This blog is authored by Mohamed Afifi Ibrahim, Principal Machine Learning Engineer at Barracuda Networks.
74% of organizations globally have fallen victim to a phishing attack. Barracuda Networks is a global leader in security, application delivery and data protection solutions, helping customers fight phishing attacks at scale. Barracuda has built a powerful artificial intelligence engine that uses behavioral analysis to detect attacks to keep malicious actors at bay.
Handling phishing emails is difficult due to the sophistication attackers use in creating malicious emails nowadays. Barracuda Networks uses machine learning to assess and identify malicious messages and protect their customers. Using ML on the Databricks Lakehouse Platform, the Barracuda team has been able to move much faster and is now blocking tens of thousands of malicious emails daily from reaching millions of mailboxes across thousands of customers.

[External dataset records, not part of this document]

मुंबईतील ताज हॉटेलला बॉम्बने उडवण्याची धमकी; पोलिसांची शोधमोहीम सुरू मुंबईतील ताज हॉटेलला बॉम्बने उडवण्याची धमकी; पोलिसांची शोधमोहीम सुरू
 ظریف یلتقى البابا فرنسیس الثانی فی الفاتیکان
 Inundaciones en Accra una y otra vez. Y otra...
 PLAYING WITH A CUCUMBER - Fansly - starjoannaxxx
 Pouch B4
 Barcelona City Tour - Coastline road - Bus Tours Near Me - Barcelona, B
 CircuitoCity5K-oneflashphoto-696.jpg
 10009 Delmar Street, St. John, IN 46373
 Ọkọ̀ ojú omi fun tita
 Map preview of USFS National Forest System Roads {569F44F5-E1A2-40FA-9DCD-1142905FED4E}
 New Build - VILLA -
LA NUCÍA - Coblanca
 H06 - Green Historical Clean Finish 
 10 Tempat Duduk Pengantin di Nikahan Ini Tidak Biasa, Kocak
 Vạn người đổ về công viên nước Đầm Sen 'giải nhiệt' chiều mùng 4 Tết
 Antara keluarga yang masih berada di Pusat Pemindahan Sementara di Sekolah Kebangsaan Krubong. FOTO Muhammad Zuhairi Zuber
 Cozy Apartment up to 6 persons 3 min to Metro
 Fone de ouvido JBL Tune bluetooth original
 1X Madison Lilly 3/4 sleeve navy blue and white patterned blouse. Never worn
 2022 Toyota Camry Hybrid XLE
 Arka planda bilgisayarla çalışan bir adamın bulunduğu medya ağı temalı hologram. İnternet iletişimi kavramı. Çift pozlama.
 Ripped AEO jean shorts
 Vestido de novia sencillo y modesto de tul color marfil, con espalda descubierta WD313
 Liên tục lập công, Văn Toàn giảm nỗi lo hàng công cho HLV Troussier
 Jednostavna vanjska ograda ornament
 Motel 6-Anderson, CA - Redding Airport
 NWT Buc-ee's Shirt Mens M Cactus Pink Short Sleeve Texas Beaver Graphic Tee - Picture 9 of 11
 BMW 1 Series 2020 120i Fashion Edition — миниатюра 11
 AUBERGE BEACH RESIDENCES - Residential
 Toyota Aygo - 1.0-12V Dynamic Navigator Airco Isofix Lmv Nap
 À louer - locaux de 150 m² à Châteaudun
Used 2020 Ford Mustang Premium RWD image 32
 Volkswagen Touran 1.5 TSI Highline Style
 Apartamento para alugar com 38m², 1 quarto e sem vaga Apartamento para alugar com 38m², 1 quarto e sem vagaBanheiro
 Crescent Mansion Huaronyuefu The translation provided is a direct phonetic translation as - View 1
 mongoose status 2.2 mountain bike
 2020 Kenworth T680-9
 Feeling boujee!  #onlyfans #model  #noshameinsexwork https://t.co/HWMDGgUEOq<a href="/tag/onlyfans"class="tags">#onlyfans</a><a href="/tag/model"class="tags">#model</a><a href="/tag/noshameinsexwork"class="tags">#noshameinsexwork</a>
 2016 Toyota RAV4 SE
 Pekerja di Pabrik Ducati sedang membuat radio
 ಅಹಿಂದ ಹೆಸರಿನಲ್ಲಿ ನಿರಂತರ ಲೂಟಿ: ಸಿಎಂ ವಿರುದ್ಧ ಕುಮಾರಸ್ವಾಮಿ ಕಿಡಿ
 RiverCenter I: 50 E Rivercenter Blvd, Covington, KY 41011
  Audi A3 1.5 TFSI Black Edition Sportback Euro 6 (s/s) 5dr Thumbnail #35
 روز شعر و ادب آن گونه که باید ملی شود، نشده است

Providing Comprehensive Email Security Protection
The Barracuda team is dedicated to detecting phishing attacks and providing customer security. They achieve this by working on top of Microsoft Office 365 and analyzing the email stream for any possible threats. If an attack is detected, it is immediately removed from the mailbox before users can see it.
One of the key products that Barracuda offers is impersonation protection. Impersonation occurs when malicious actors disguise their messages as coming from an official source, such as a known executive or service. Attackers can utilize this attack to access confidential information, posing a significant risk to individuals and organizations alike.
Impersonation protection is focused on deterring targeted phishing attacks. Such attempts are not sent in vast quantities, unlike spam emails. To send a targeted attack, the attacker must have personal details about the recipient to customize it, such as their profession or field of work. To identify and block impersonation phishing attacks, the team had to build a set of classification models and deploy them into production for our users.
Difficulties with Feature Engineering
In order to properly train our AI models to detect phishing and impersonation attacks, Barracuda needed to utilize the right data and do feature engineering on top of that data. The data included email text, which could be a signal of a phishing attack, and statistical data, such as email sender detail. For example, if a user receives an invoice email from someone who hasn’t sent a similar email over the last few months, this could signal a risk of a phishing attack. Before the Databricks integration, building features was more difficult with the labeled data spread over multiple months, particularly with the statistical features. Additionally, keeping track of the features when our data set grew in size is challenging.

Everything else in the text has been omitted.